The importance of layering
Each layer in the reference architecture functions as an independent application, with distinct user personas, interfaces, technology, services, and deployment. Key considerations include:
- Each layer maintains a clear boundary interface. For instance, the Poly AI MLOps layer can leverage Kubernetes for orchestration, job management, and training frameworks. It offers cloud-agnostic deployment, simplifying model deployment for data science teams and supporting various model architectures.
- Each layer operates independently with its own business case and feature roadmap. For example, Infosys first builds the Poly AI MLOps layer to implement MLOps processes and provide a model repository, and then the Guardrails and Command Center layer to monitor models.
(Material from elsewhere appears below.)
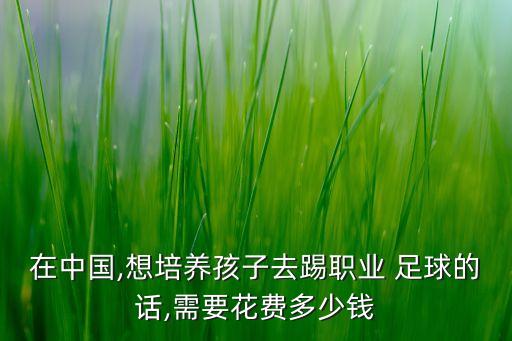 在中國(guó),想培養(yǎng)孩子去踢職業(yè) 足球的話,需要花費(fèi)多少錢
- Each layer is implemented using the preferred technology vendor, either through build or buy. This flexibility ensures organizations can choose the best-fit solutions for each layer without vendor lock-in.
- While every organization can use an open-source framework or third-party product to implement a specific layer, they should ensure that the enterprise AI platform is not locked into any underlying product or framework. For example, the Poly AI/MLOps layer enables consistent interfaces for various MLOps services and can mix and match different capabilities across on-premises and cloud providers.
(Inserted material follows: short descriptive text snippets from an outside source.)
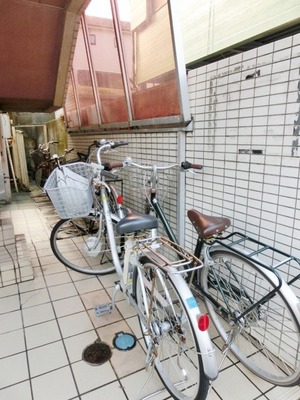 Parking lot. Bicycle parking space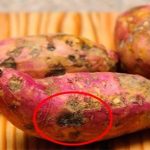 Tại sao có những củ khoai lang bị hà hay bị cứng?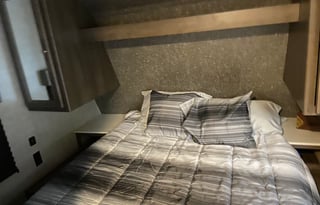 2019 coleman lantern lt 202rd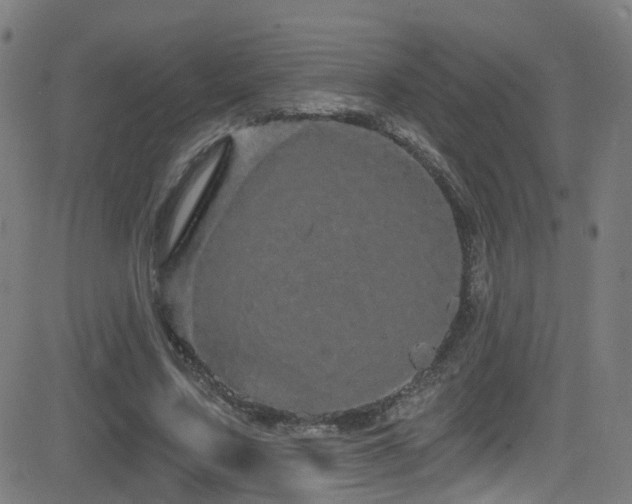 X0000081340683200701111425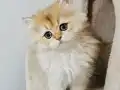 Yeşil gözlü prenses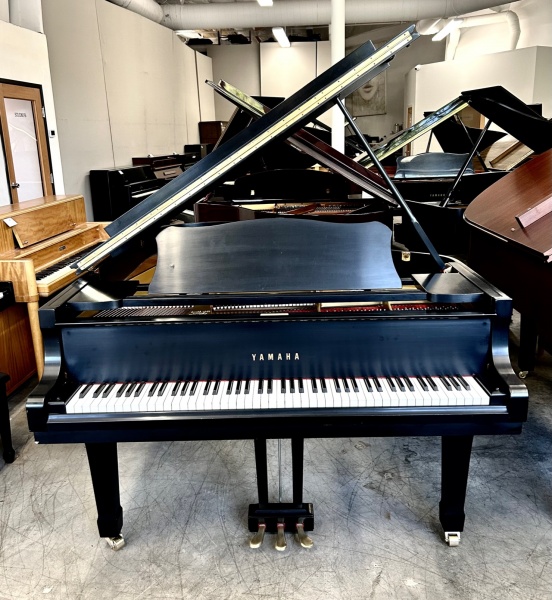 Yamaha C3 Grand Piano 6'1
In short, organizations should treat every layer separately and choose the best option independently for each. This enables iterative development of each layer over time.
To accelerate its AI-first journey, Infosys is developing a vendor-agnostic generative AI reference architecture platform, emphasizing collaboration between business and IT in development and procurement decisions.
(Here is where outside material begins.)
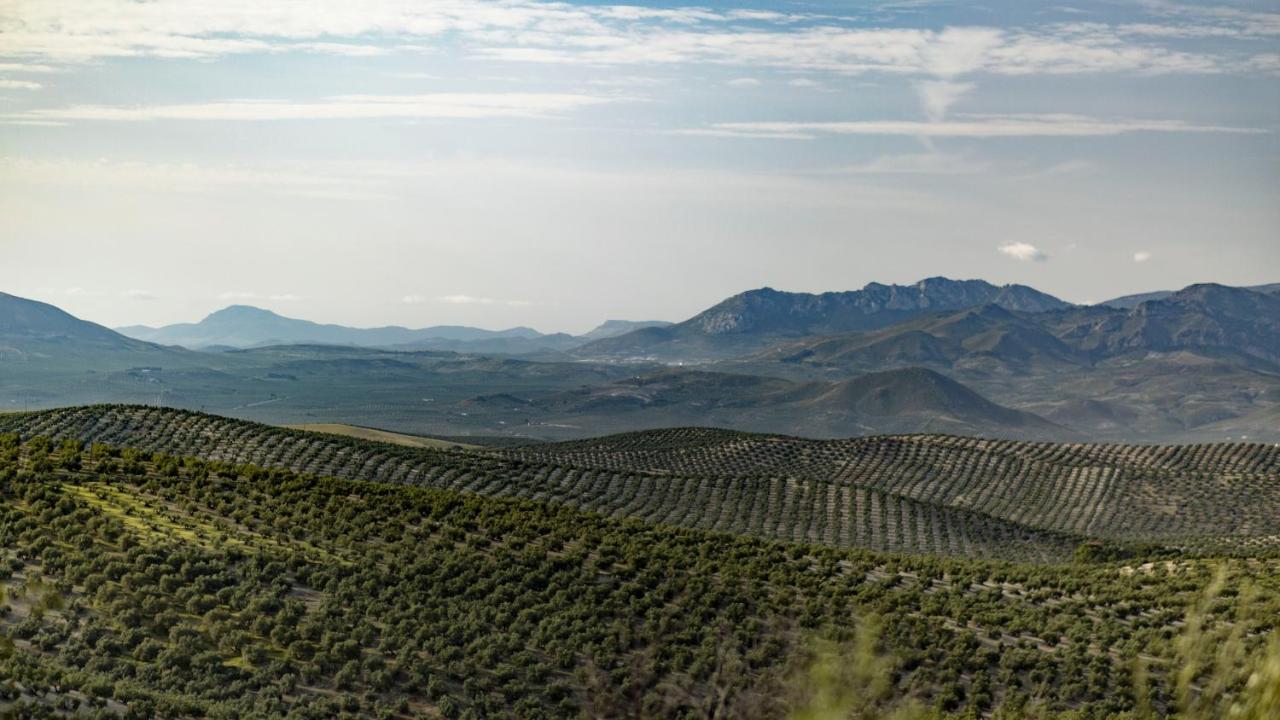 Hostal Rural Pico Aznaitin - Sierra Magina Albanchez de Úbeda Exterior foto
This year’s Tech Navigator report, The AI-first Organization, details four AI pillars to go AI-first – AI experience, engineering, governance, talent, and operating model.
The generative AI reference architecture platform is one piece in the larger business strategy and shifts firms away from a use-case approach to a plug and play, constantly learning and evolving live enterprise.
AI will be the linchpin for the next big technological revolution; going AI-first through such a platform-approach will ensure all business functions are well connected and agile to foster new growth when the next major wave of innovation arrives.